TASK TO COMPLETE: Every entry that follows is to be set down exactly, with its pictures omitted.

[Saved data entries]
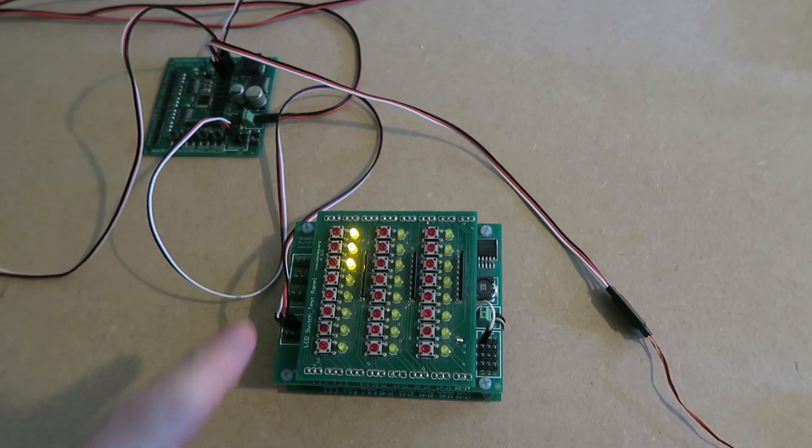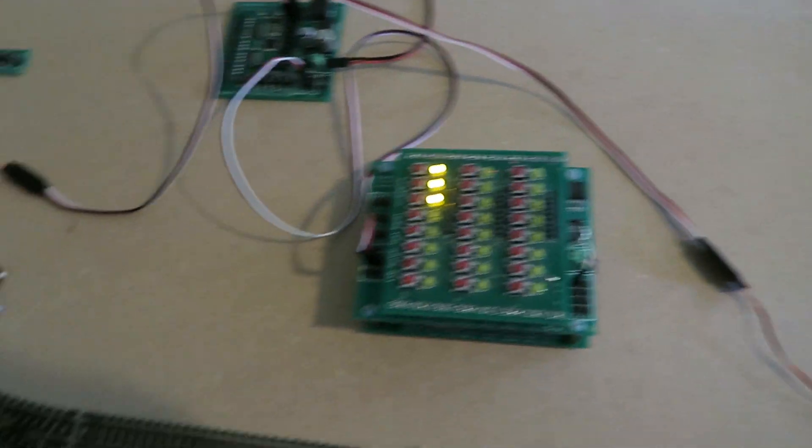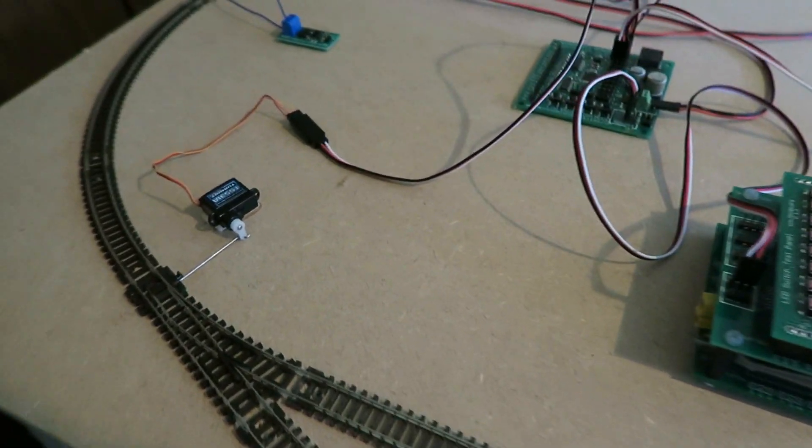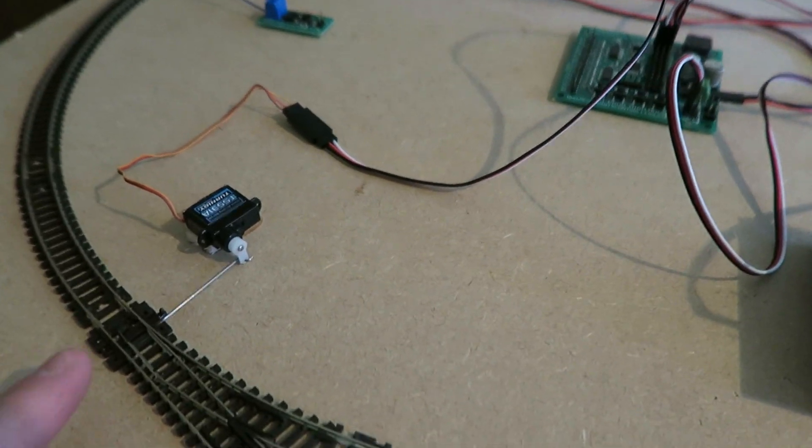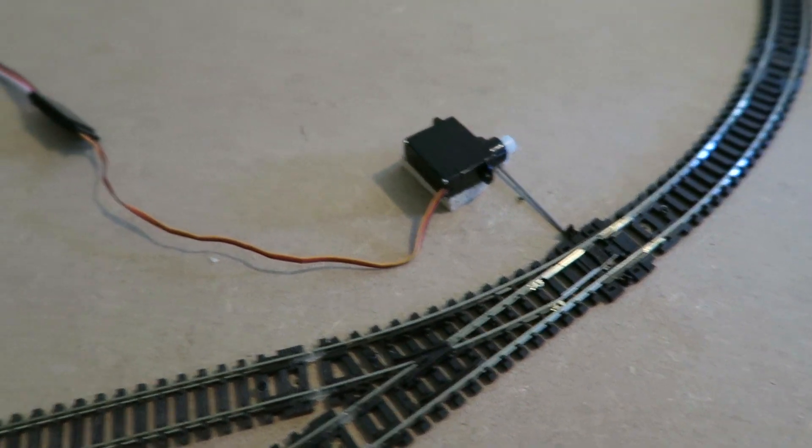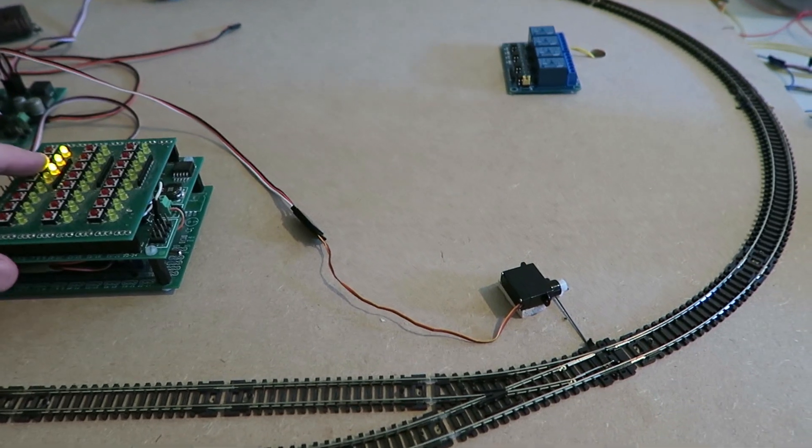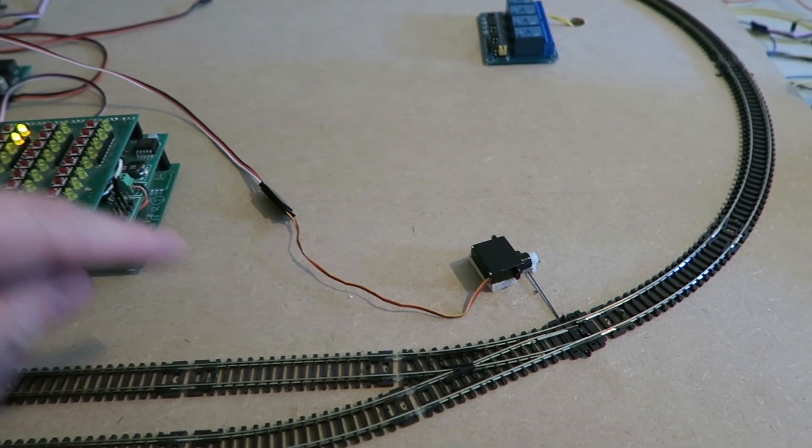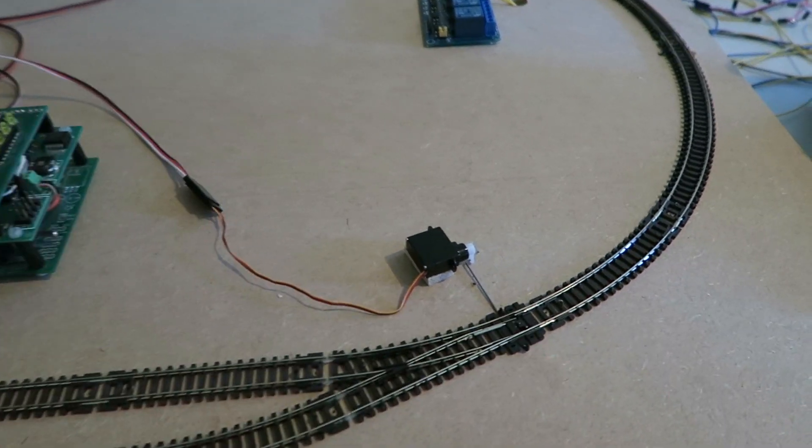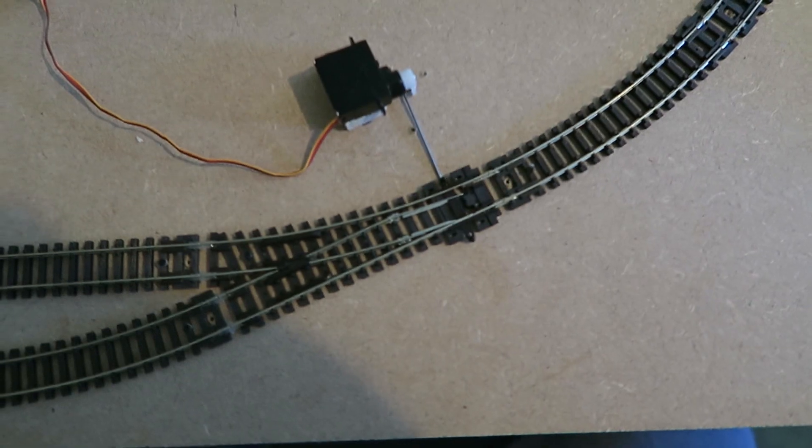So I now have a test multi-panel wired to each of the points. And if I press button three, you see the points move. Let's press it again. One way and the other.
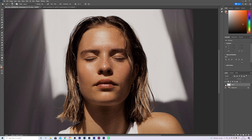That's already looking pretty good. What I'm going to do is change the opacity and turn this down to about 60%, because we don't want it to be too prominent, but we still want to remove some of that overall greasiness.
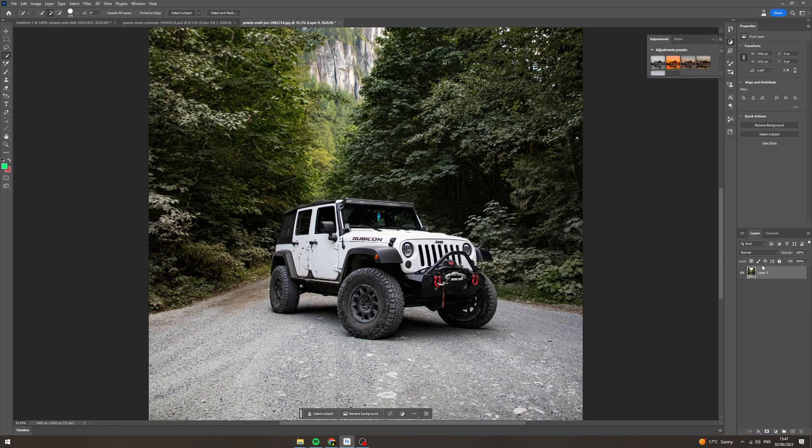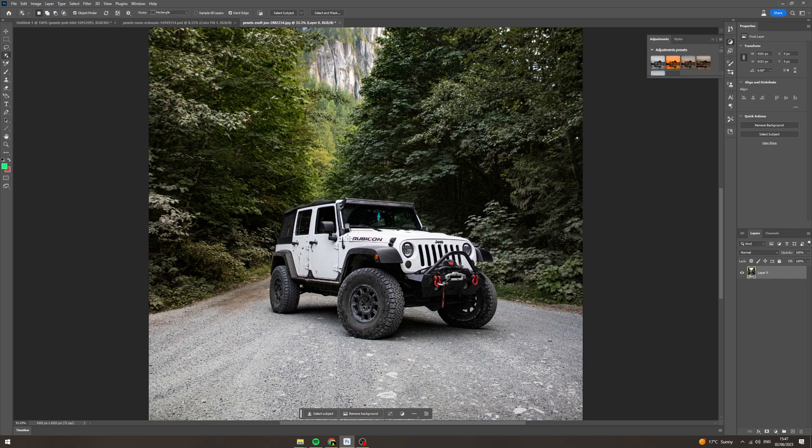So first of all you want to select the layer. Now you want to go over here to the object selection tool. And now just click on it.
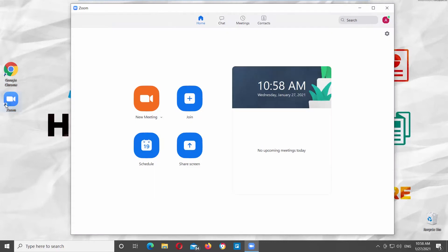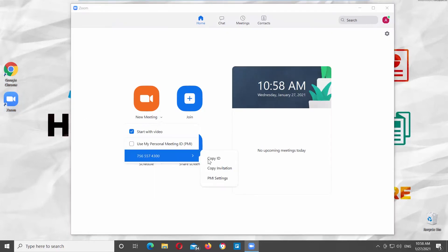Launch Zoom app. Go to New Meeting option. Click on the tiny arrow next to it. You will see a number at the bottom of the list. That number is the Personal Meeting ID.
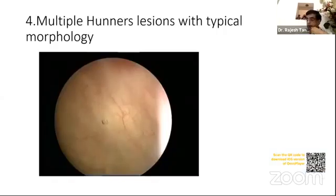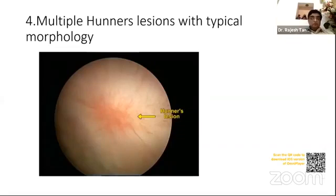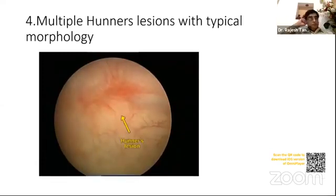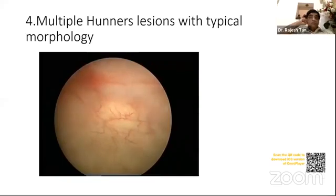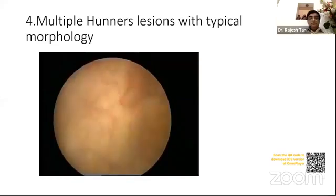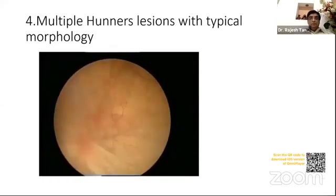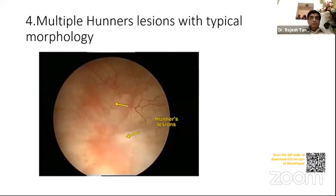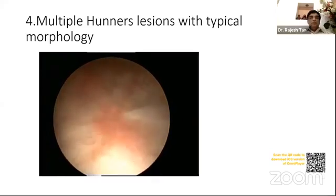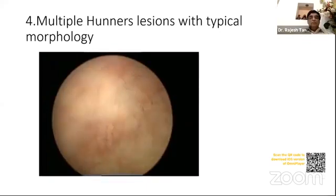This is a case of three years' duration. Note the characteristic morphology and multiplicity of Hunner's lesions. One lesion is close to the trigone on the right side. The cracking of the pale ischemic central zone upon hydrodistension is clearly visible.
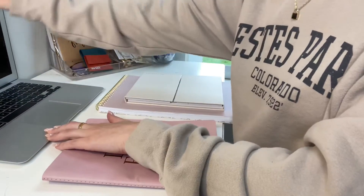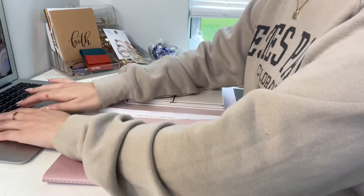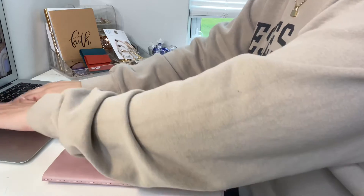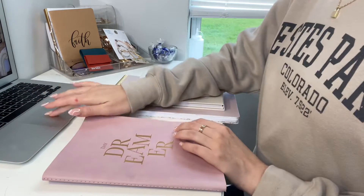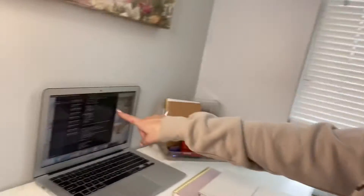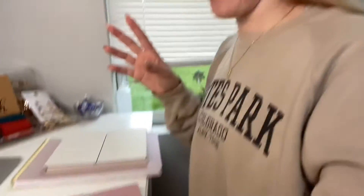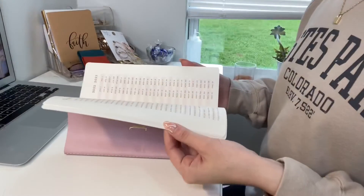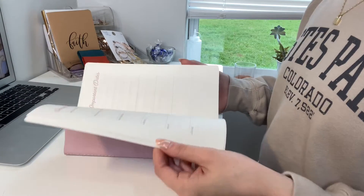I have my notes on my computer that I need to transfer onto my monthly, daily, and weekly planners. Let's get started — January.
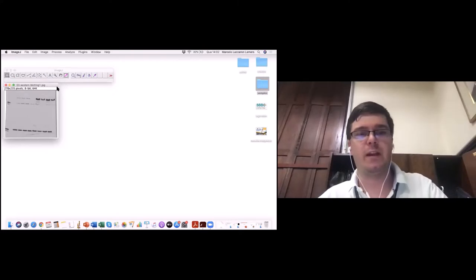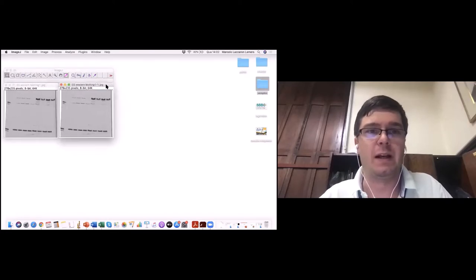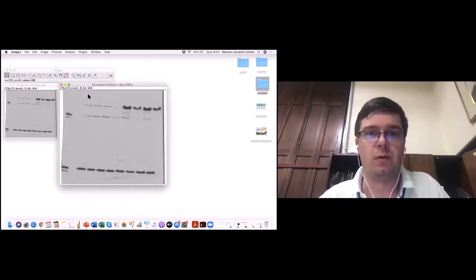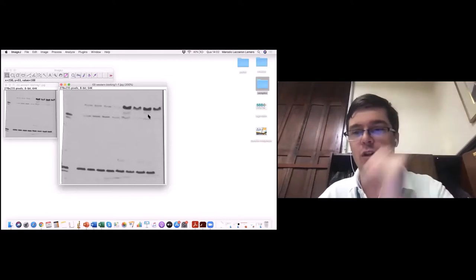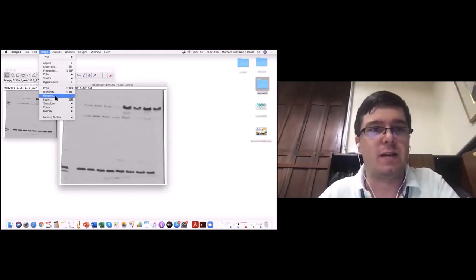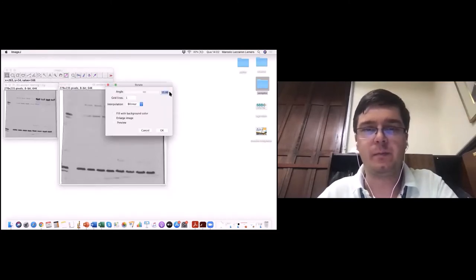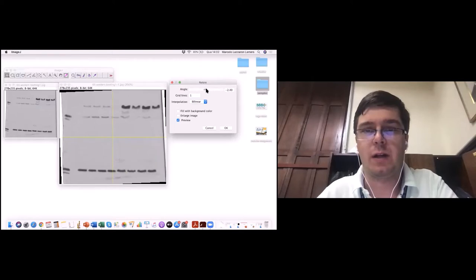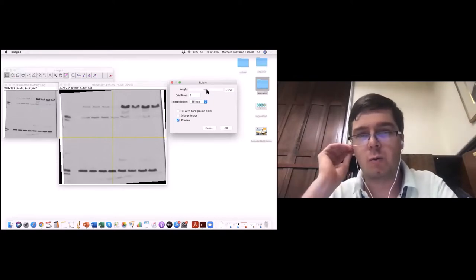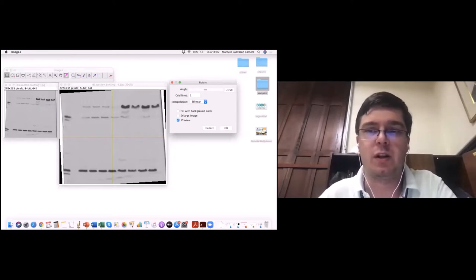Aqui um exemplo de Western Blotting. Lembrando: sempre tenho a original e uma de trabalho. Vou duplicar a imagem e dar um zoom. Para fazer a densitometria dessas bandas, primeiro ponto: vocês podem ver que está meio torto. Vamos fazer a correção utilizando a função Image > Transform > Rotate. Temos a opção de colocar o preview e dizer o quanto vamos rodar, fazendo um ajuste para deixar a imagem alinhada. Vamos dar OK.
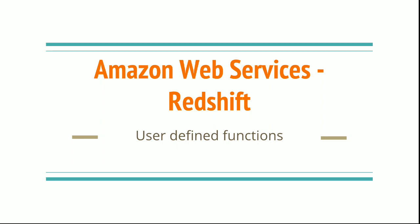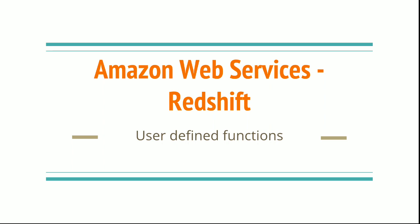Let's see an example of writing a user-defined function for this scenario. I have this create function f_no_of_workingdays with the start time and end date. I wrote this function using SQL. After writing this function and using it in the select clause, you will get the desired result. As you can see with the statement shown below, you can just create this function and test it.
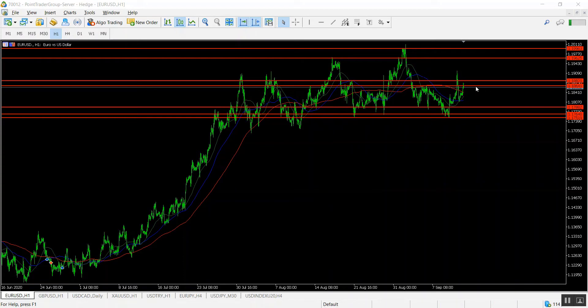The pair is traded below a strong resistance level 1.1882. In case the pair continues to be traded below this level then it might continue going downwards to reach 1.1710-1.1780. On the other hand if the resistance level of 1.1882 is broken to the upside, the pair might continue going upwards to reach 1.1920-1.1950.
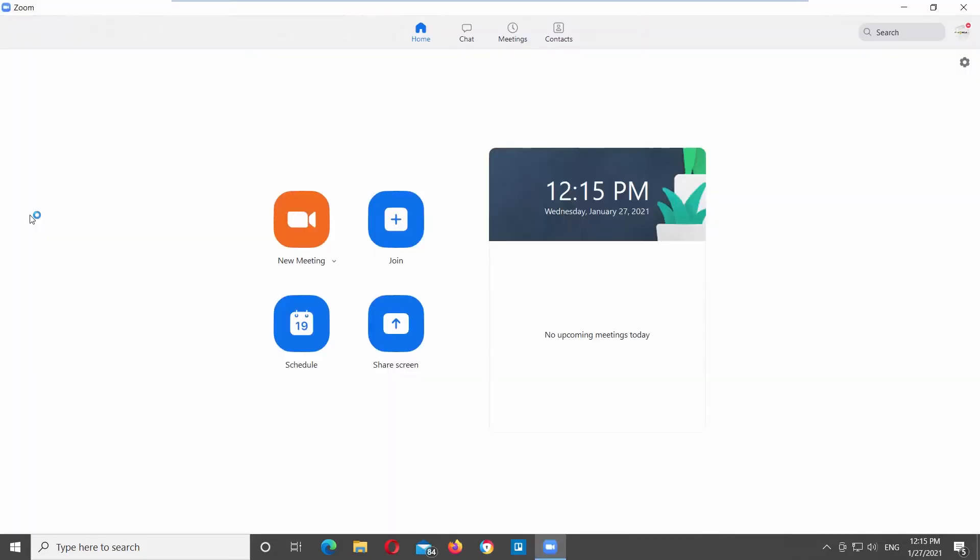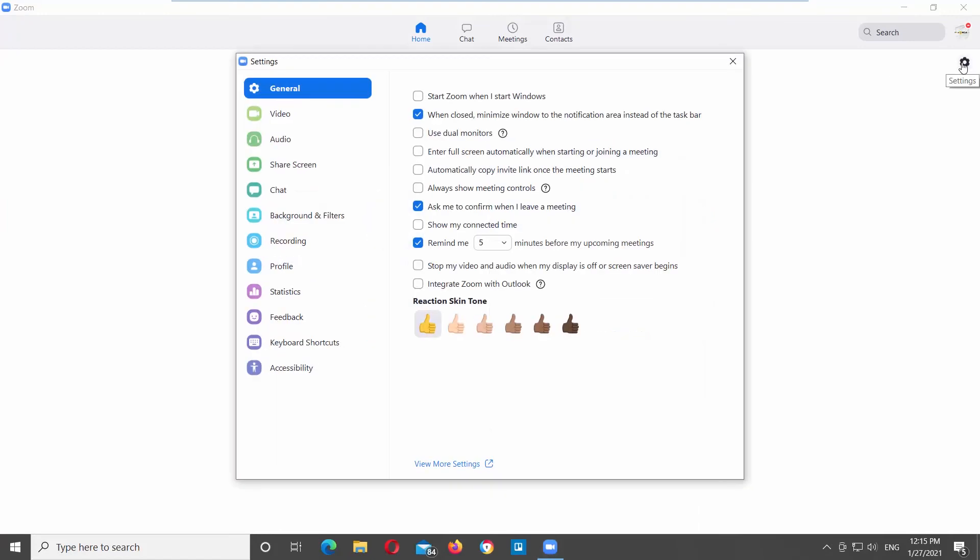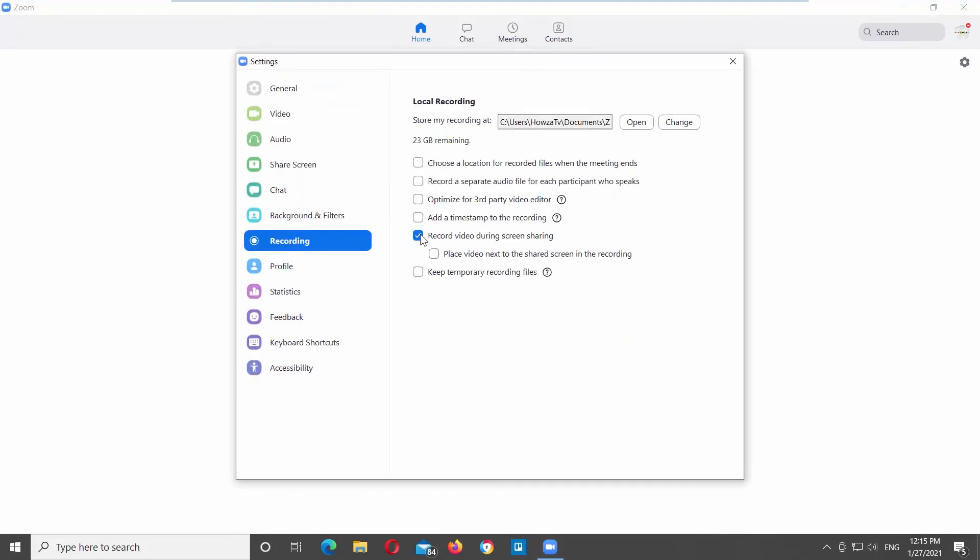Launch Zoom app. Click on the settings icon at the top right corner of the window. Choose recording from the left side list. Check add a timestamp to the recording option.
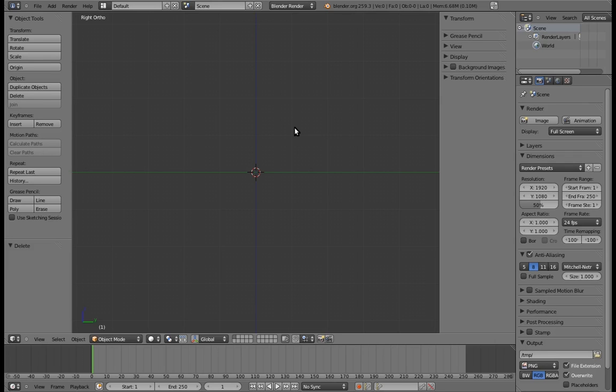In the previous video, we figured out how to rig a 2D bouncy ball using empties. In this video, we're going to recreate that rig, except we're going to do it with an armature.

SOLUTION FOR THIS TASK:
So I now have a test multi-panel wired to each of the points. And if I press button three, you see the points move. Let's press it again. One way and the other.
That's already looking pretty good. What I'm going to do is change the opacity and turn this down to about 60%, because we don't want it to be too prominent, but we still want to remove some of that overall greasiness.
So first of all you want to select the layer. Now you want to go over here to the object selection tool. And now just click on it.
Launch Zoom app. Go to New Meeting option. Click on the tiny arrow next to it. You will see a number at the bottom of the list. That number is the Personal Meeting ID.
This is a case of three years' duration. Note the characteristic morphology and multiplicity of Hunner's lesions. One lesion is close to the trigone on the right side. The cracking of the pale ischemic central zone upon hydrodistension is clearly visible.
I have my notes on my computer that I need to transfer onto my monthly, daily, and weekly planners. Let's get started — January.
Aqui um exemplo de Western Blotting. Lembrando: sempre tenho a original e uma de trabalho. Vou duplicar a imagem e dar um zoom. Para fazer a densitometria dessas bandas, primeiro ponto: vocês podem ver que está meio torto. Vamos fazer a correção utilizando a função Image > Transform > Rotate. Temos a opção de colocar o preview e dizer o quanto vamos rodar, fazendo um ajuste para deixar a imagem alinhada. Vamos dar OK.
Let's see an example of writing a user-defined function for this scenario. I have this create function f_no_of_workingdays with the start time and end date. I wrote this function using SQL. After writing this function and using it in the select clause, you will get the desired result. As you can see with the statement shown below, you can just create this function and test it.
The pair is traded below a strong resistance level 1.1882. In case the pair continues to be traded below this level then it might continue going downwards to reach 1.1710-1.1780. On the other hand if the resistance level of 1.1882 is broken to the upside, the pair might continue going upwards to reach 1.1920-1.1950.
Launch Zoom app. Click on the settings icon at the top right corner of the window. Choose recording from the left side list. Check add a timestamp to the recording option.
In the previous video, we figured out how to rig a 2D bouncy ball using empties. In this video, we're going to recreate that rig, except we're going to do it with an armature.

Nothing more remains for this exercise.